━━ Given information
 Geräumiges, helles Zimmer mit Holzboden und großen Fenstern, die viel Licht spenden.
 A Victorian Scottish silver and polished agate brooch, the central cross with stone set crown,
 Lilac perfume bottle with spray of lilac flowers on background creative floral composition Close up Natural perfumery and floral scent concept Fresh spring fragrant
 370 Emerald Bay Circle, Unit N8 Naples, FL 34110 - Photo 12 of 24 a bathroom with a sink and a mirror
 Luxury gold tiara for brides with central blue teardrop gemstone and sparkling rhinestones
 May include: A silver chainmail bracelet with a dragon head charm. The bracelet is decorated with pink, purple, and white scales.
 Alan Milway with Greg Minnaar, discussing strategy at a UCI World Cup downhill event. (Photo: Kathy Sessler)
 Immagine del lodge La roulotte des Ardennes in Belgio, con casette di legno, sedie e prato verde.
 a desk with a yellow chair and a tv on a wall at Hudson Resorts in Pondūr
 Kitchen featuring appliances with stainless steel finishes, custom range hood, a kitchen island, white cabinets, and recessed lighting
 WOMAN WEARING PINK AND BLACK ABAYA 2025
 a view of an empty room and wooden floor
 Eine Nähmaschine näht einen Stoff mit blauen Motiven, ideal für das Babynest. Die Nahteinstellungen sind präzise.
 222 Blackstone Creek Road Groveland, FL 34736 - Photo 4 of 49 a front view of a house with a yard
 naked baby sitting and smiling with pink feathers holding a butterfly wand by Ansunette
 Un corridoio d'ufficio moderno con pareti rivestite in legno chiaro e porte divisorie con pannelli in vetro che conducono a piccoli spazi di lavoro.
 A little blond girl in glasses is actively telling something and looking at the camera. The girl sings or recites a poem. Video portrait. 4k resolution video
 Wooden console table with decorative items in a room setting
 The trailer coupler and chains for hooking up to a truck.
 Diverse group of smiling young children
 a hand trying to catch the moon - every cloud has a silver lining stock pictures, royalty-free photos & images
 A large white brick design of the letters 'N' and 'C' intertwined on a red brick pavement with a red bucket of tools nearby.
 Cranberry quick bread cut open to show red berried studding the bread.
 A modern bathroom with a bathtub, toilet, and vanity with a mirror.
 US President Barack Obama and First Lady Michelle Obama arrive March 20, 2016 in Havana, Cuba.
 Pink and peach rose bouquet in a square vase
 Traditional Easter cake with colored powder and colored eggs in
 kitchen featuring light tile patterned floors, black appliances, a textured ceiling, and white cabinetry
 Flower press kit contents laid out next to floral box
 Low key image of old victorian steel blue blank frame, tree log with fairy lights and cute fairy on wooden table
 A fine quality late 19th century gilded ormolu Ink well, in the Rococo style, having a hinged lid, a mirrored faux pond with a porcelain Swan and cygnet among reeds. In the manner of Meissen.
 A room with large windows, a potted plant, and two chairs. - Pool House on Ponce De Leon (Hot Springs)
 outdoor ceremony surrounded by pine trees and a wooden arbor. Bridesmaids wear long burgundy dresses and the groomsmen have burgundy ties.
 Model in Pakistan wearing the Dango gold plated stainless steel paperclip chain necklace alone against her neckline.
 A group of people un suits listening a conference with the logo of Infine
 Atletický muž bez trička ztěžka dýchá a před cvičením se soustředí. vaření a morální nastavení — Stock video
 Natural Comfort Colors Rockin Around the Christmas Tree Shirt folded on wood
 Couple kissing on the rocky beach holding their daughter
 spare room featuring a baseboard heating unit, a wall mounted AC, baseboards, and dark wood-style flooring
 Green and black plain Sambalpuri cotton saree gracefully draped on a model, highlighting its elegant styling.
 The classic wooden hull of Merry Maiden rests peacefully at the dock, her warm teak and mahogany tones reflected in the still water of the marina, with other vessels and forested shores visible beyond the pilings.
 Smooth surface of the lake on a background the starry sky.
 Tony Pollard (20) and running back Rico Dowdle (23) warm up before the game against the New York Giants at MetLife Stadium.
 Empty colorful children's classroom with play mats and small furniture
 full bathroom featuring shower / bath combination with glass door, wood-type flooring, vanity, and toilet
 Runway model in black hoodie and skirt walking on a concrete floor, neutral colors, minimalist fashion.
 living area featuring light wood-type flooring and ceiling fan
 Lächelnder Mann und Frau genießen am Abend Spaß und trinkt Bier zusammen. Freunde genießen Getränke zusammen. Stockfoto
━━━━
-- Problem --
Up to and including the line that contains "a hand trying", output the records above exactly, beginning with their first line.

-- Response area --
 Geräumiges, helles Zimmer mit Holzboden und großen Fenstern, die viel Licht spenden.
 A Victorian Scottish silver and polished agate brooch, the central cross with stone set crown,
 Lilac perfume bottle with spray of lilac flowers on background creative floral composition Close up Natural perfumery and floral scent concept Fresh spring fragrant
 370 Emerald Bay Circle, Unit N8 Naples, FL 34110 - Photo 12 of 24 a bathroom with a sink and a mirror
 Luxury gold tiara for brides with central blue teardrop gemstone and sparkling rhinestones
 May include: A silver chainmail bracelet with a dragon head charm. The bracelet is decorated with pink, purple, and white scales.
 Alan Milway with Greg Minnaar, discussing strategy at a UCI World Cup downhill event. (Photo: Kathy Sessler)
 Immagine del lodge La roulotte des Ardennes in Belgio, con casette di legno, sedie e prato verde.
 a desk with a yellow chair and a tv on a wall at Hudson Resorts in Pondūr
 Kitchen featuring appliances with stainless steel finishes, custom range hood, a kitchen island, white cabinets, and recessed lighting
 WOMAN WEARING PINK AND BLACK ABAYA 2025
 a view of an empty room and wooden floor
 Eine Nähmaschine näht einen Stoff mit blauen Motiven, ideal für das Babynest. Die Nahteinstellungen sind präzise.
 222 Blackstone Creek Road Groveland, FL 34736 - Photo 4 of 49 a front view of a house with a yard
 naked baby sitting and smiling with pink feathers holding a butterfly wand by Ansunette
 Un corridoio d'ufficio moderno con pareti rivestite in legno chiaro e porte divisorie con pannelli in vetro che conducono a piccoli spazi di lavoro.
 A little blond girl in glasses is actively telling something and looking at the camera. The girl sings or recites a poem. Video portrait. 4k resolution video
 Wooden console table with decorative items in a room setting
 The trailer coupler and chains for hooking up to a truck.
 Diverse group of smiling young children
 a hand trying to catch the moon - every cloud has a silver lining stock pictures, royalty-free photos & images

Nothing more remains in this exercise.